An NBC-Wall Street Journal poll found Obama supported by 49 percent of registered voters, a 6-point margin over McCain. Two weeks ago an NBC-Journal poll put Obama's lead at 2 points.
Obama led McCain 53 percent to 45 percent among likely voters in a CNN-Opinion Research Corp. survey, up from a 4-point advantage for the Democrat in September. Obama's lead widened to 14 points, 56 percent to 42 percent, among registered voters.
He also is ahead by 8 points in a Gallup Inc. daily tracking poll of registered voters, the 10th straight day he's held a statistically significant lead in that survey. A Diageo-Hotline tracking poll showed Obama getting 47 percent to McCain's 41 percent.
A CBS News poll, however, showed the race tightening. The Oct. 3-5 survey of 875 registered voters gave Obama a 47 percent to 43 percent lead. The poll's margin of error was 3 percentage points. Obama led by 8 points, 49 percent to 41 percent, in a CBS survey taken Sept. 27-30.
All five polls were conducted after the first presidential debate and the vice presidential debate, and after Congress passed and President George W. Bush signed a $700 billion financial rescue plan designed to unlock credit markets and restore confidence in the banking system.
Bush's Record Low
Bush's record-low unpopularity is hurting McCain, said Keating Holland, CNN's polling director.

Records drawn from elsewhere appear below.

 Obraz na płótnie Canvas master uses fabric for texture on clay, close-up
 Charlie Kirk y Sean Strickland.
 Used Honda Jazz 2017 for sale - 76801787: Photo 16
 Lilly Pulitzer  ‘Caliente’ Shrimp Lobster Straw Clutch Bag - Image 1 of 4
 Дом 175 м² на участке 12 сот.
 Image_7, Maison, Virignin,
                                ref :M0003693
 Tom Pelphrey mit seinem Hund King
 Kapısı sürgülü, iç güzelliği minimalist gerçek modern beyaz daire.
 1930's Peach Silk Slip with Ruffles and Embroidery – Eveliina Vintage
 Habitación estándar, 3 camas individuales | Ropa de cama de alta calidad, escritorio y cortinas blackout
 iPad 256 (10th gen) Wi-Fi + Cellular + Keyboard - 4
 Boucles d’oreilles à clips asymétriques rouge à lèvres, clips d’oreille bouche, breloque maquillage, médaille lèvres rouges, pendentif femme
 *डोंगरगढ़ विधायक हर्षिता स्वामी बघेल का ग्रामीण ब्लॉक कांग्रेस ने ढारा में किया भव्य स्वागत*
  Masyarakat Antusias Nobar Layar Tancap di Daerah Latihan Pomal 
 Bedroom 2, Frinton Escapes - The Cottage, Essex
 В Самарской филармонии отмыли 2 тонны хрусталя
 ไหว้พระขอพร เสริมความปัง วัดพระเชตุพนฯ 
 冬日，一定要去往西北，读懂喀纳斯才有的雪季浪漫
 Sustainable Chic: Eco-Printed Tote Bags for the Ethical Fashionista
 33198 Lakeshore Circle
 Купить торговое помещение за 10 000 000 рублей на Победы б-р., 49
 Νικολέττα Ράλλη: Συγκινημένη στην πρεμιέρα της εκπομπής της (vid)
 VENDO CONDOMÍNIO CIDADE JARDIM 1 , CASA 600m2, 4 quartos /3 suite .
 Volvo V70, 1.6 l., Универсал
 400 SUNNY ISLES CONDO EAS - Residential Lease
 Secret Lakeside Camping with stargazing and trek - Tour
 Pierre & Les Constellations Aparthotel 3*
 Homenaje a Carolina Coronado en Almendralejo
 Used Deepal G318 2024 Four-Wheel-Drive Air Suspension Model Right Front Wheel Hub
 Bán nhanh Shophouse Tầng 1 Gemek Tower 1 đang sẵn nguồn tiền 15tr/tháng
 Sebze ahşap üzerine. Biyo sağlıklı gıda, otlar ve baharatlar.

``Bush's approval rating is as low as Richard Nixon's was on the day he resigned, and a growing number of Americans think John McCain's policies will be similar to Bush's,'' Holland said. Twenty-four percent of respondents in the CNN poll said they approved of the job Bush is doing and 74 percent said they disapproved.
No matter which candidate they supported, 60 percent of likely voters surveyed by CNN said they expected Obama would win Nov. 4.
Half of the registered voters surveyed by CNN were asked if Alaska Governor Sarah Palin, the Republican vice-presidential nominee, was qualified to be president: 57 percent said she wasn't and 43 percent said she was. Among the half of registered voters who were asked if Senator Joe Biden of Delaware is qualified, 80 percent said yes and 18 percent said no.
Biden, Palin
The NBC-Journal poll found 74 percent of those questioned said Biden was qualified to step into the Oval Office while 41 percent said they believe Palin is qualified.
That survey also found that 50 percent of those questioned said Obama and Biden won their debates with the Republican candidates, compared with 29 percent who viewed McCain and Palin as the winners.
The CNN, Gallup and Diageo-Hotline polls were conducted Oct. 3-5. The NBC-Journal poll was conducted Oct. 4-5. CNN gave the margin of error for its poll of 919 registered voters as 3 percentage points and 3.5 percentage points for the subgroup of 694 likely voters. The margin for the NBC-Journal poll of 658 registered voters was plus or minus 3.8 percentage points.
The tracking polls are a rolling average of results of each day's polling over the period. Gallup gives a margin or error of plus or minus 2 percentage points for its survey; The Diageo- Hotline poll has a 3.3 percentage point margin of error.